Similar to (but pre-dating) the bootstrap, the jackknife procedure is

  1. Remove 1 (or more) data points from the data set.
  2. Calculate the statistic or estimate using the reduced data set.
  3. Repeat this for every possible reduced data set, or at least a bunch of times.
  4. Interpret the distribution of results as an estimate of the uncertainty and bias (due to finite sample size) of the measurement.

Note: as far as I can tell, our CMB collegues use "jackknife" to refer to a different procedure.

Approximate Bayesian Computation (ABC)

The idea behind ABC is to provide a way forward for Bayesian analysis in cases where the likelihood function is too expensive to be practical or simply too difficult to write down. However, it does still use (and require) a generative model, which in principle contains the same information as the likelihood. To perform ABC, we need to be able to actually use the generative model, i.e. to create fake data sets using all the components of the model.

The simplest implementation is

  1. Generate a sample of the model parameters from the prior.
  2. For this set of parameters, generate a fake data set.
  3. Calculate some quantitative measure of the similarity of the fake and real data using a distance function.
  4. If this distance exceeds some tolerance, throw away the sample.
  5. Repeat this many times, and interpret the resulting samples as being from the posterior.

There are clearly some choices to be made here:

  1. Summary statistics of the data.

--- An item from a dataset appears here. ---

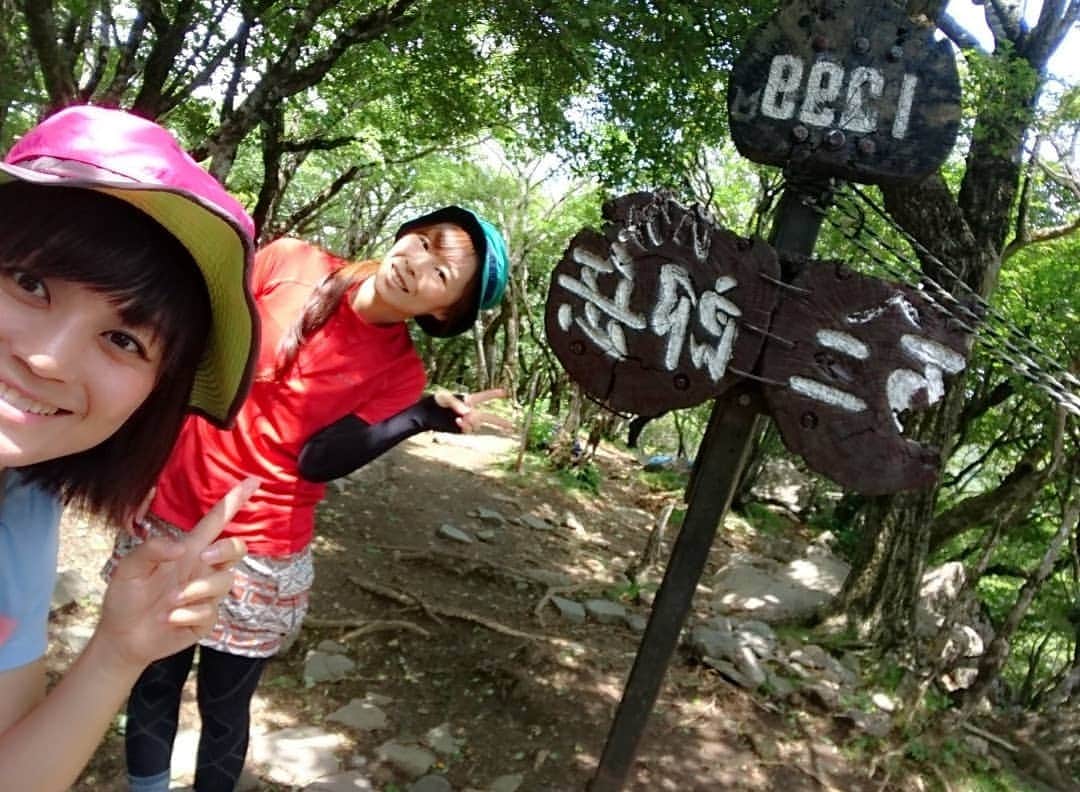 のインスタグラム：「万二郎岳🗻🗻🗻🌷   天城山も最高でした✨  ヒメシャラの木がいっぱいあり、幻想的でした🍀  シャクナゲの少しあとに行ったので、 次はシャクナゲ見に行きたいな🌷✨  反転してますが、笑 ４、５年前に地元の友達すずちゃんと行きました✨  #万二郎岳  #天城山 #日本百名山  #山  #山登り」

Technically these are not necessary, and we could cook up a measure of distance between data sets in their full many dimensional glory. However, often the information in a data set can be boiled down to a smaller set of numbers. (Think back to the ordinary least squares problem.) A set of statistics that accomplishes this without loss of information is called "sufficient".
  2. The distance function itself. Usually just Euclidean distance, after some suitable choice of summary statistics.
  3. The tolerance. Lower tolerance will get us closer to the true posterior, but at the expense of wasting many more samples.

The logic here is simple: by brute force, we're trying to generate a list of model parameter values that can produce a data set very like the one we have. By drawin from the prior to start with, then requiring samples to (almost) reproduce our data, we end up with samples whose density is proportional to the prior $\times$ likelihood. How efficient this is in practice ultimately depends on the choices above.

Hopefully, you can see a similarity between the procedure above and some of the stupider algorithms we've looked at for sampling posterior distributions. As you might guess, there are more intelligent ways to do this than drawing samples straight from the prior and rejecting most of them, and they look a lot like MCMC.